In the United States 40% of food produced goes uneaten.  That equates to about 62.5 million tons of wasted food every year.  Meanwhile, there were 42.2 million people, including 13.1 million children, who did not have enough food to lead a healthy, active lifestyle in 2015.  Donating surplus wholesome food instead of throwing it in the trash can feed hungry people, save space in local landfills, and prevent the emission of harmful greenhouse gases that contribute to climate change.

State law allows the donation of surplus foods that are still fit for human consumption.  Permitted food facilities such as restaurants, hotels, grocery stores, food processing facilities, food distributors, and caterers may donate prepared foods to nonprofit charitable organizations, food banks, and directly to individuals.  Foods previously served to a consumer generally cannot be donated.

Individuals can donate uncooked, pre-packaged food products (e.g. canned food items) to a food bank or other nonprofit charitable organization for distribution to persons free of charge.

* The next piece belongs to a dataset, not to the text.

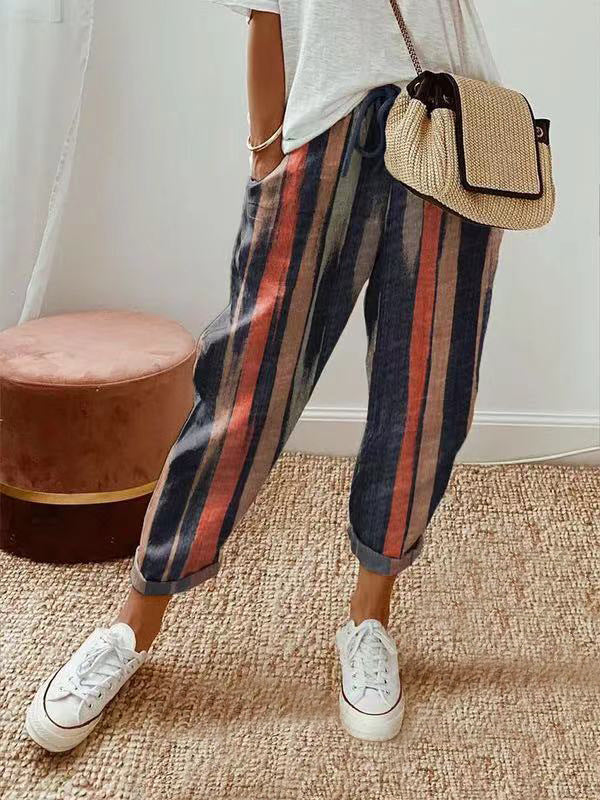 Pantalons Harem en Damenschalotte avec broderie florale Echoarchiv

AB1219:  California Good Samaritan Food Donation Act
On October 9, 2017, Governor Brown signed into law AB 1219 which expands liability protection to donations made by “food facilities” (which are subject to food safety regulations and inspections) directly to individuals for consumption. The new law also provides clarity by creating a more comprehensive list of entities covered by the law and explicitly stating that the donation of foods beyond their recommended labeled shelf life date is subject to liability protection.  It also requires environmental health specialists to educate regulated facilities about existing liability protections for food donors in order to increase the awareness of Good Samaritan laws for food donations.

AB1219 was effective as of January 1, 2018.  For the text of the new law see:
Donors must abide by federal, state, and local applicable laws and ordinances, including zoning.